Tom Holland in Spider-Man: Far from Home

Major fireworks went off for Spider-Man: Far from Home as Sony's second co-production with Marvel Studios netted a massive $185 million over the Fourth of July holiday. Sony opted to open their latest Spider movie two days ahead of the midweek national holiday in the US. Their six-day haul through Sunday was the studio's biggest ever, and the three-day take of $93.1 million is the second biggest ever for an Independence Day frame after 2011's Transformers: Dark of the Moon ($97.8 million.)

Far from Home had a number of strong indicators that it would perform well and still managed to exceeded expectations. Buzz in the fan world after the historic success of Avengers: Endgame gave the film a built-in marketing push that most franchise entries can only dream of. Strong critical reviews across the board helped to get the ball rolling. Then, word of mouth did its part. Audiences loved the film, giving it a 96% fresh on Rotten Tomatoes and an A Cinemascore (and an A+ among for under 35s.) Still, many analysts were predicting a domestic launch closer to $160 million and Sony's own projections had it coming in closer to $125 million. Far from Home blew them all away.

China is its biggest territory outside of the US so far with sales there totaling $167.4 million there after two weeks in theaters. School holidays in the Middle Kingdom start on Monday and added some more energy to Spidey's Far-East run. South Korea is its second-biggest market at $33.8 million, followed by the UK at $17.8 million and Mexico on $13.9 million. At $580 million, Far from Home is the sixth highest global earner of 2019 so far

Indie horror entry Midsommar from A24 was the only newcomer to brave Spider-Man's webs in the US and managed to sneak through with a fair bit of change in its pocket. It closed the holiday period in sixth place with $10.9 million. Midsommar, which takes place under the blinding twenty-four-hour arctic summer sun, comes on the shoulders of director Ari Ostar's acclaimed 2018 horror piece Hereditary. It made another $700 thousand between the UK and Ireland and sits at $11.6 million global against a budget of just under $10 million.

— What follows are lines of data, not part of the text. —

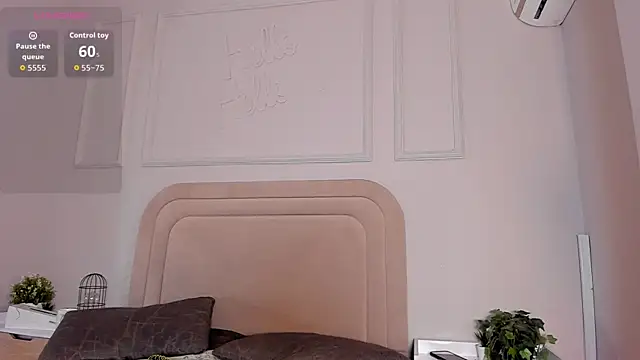 Anamonrroe online show from October 31, 2025, 11:51 am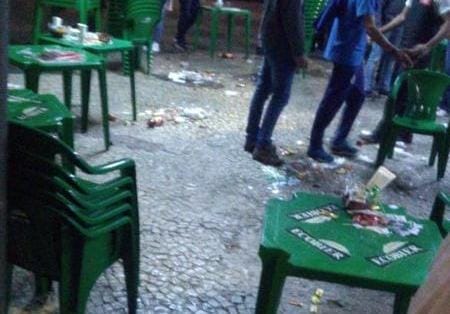 NO BAR: População espanca homem acusado de agredir esposa e prima por ciúmes 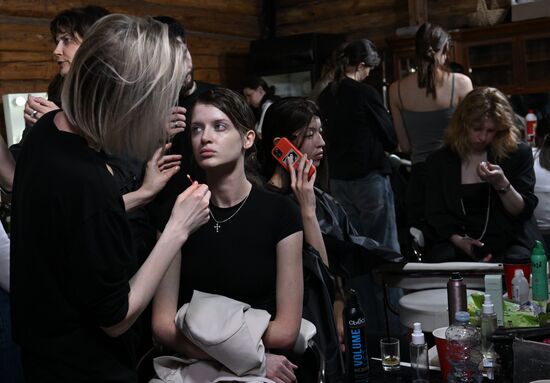 Russia Moscow Fashion Week Ruban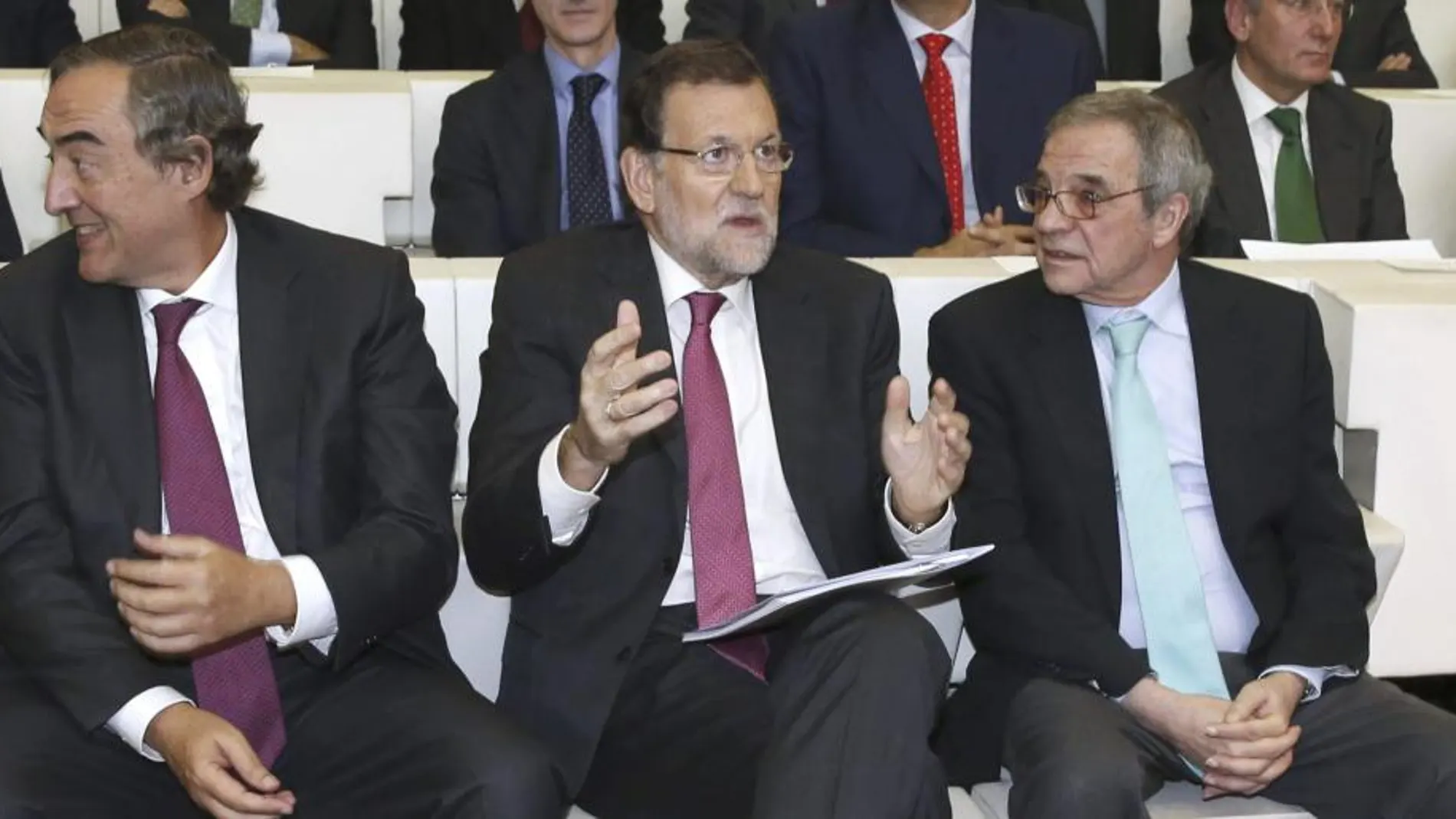 El presidente del Gobierno, Mariano Rajoy, junto al presidente de la CEOE, Juan Rosell y el presidente del Consejo Empresarial para la Competitividad, César Alierta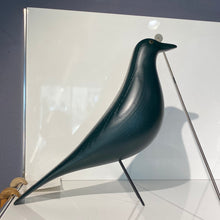 Lade das Bild in den Galerie-Viewer, Eames House Bird
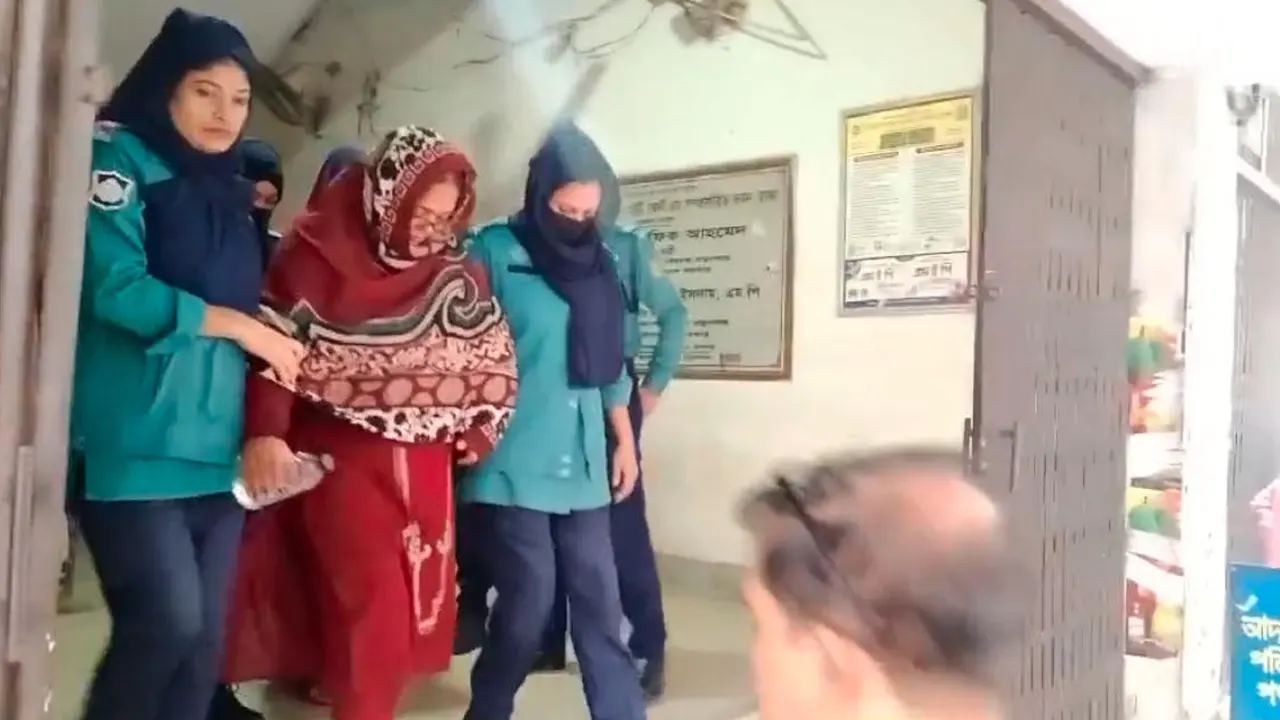 ঢাকা মহানগর উত্তর মহিলা লীগের সাংগঠনিক সম্পাদক রোকেয়া জামানকে বুধবার আদালতে তোলা হয়। ছবি : কালবেলা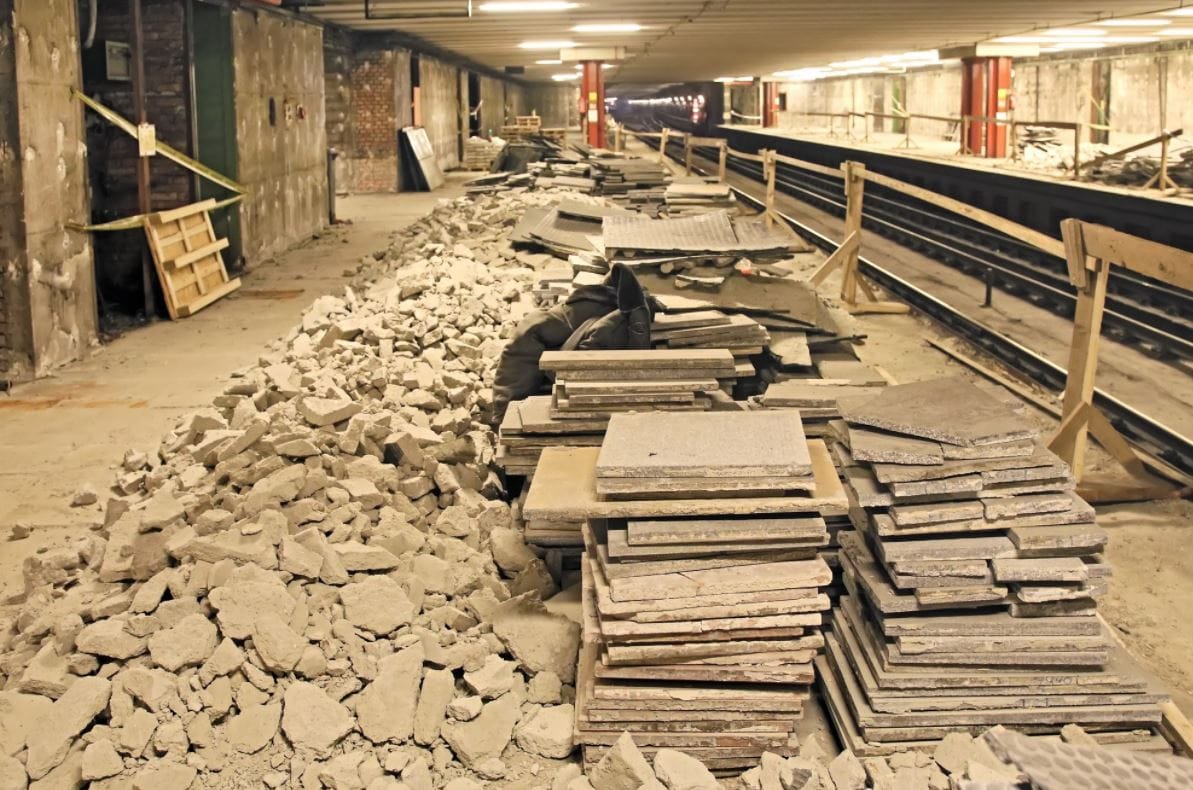 Így néznek ki most a 3-as metró lecsupaszított állomásai – fotók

Toy Story 4 was the king of holdovers and took second place both at home and on the combined chart. Its third week in the US and Canada was worth $34.3 million and brought its domestic cume to $306 million. Overseas totals meanwhile reached $343 million after a $43.1 million addition this frame. It set a major milestone in Latin America, edging out Coco with its Mexican setting and A-list Spanish speaking cast to become the biggest animated feature of all time in the region.

Third place in the US went to Universal's Yesterday. This quirky musical comedy from director Danny Boyle dropped just 37% from its opening and added $10.7 million in its second frame. Domestic totals now sit at $36.6 million, while the global figure is $56.9 million.

Going foreign again, local Chinese pic The White Storm 2: Drug Lords had a significant $61 million bow on the mainland and in Hong Kong. It picks up after the events of the original 2013 Cantonese language hit and sees some of the main characters pitted against each other at the pinnacle of Hong Kong's drug business.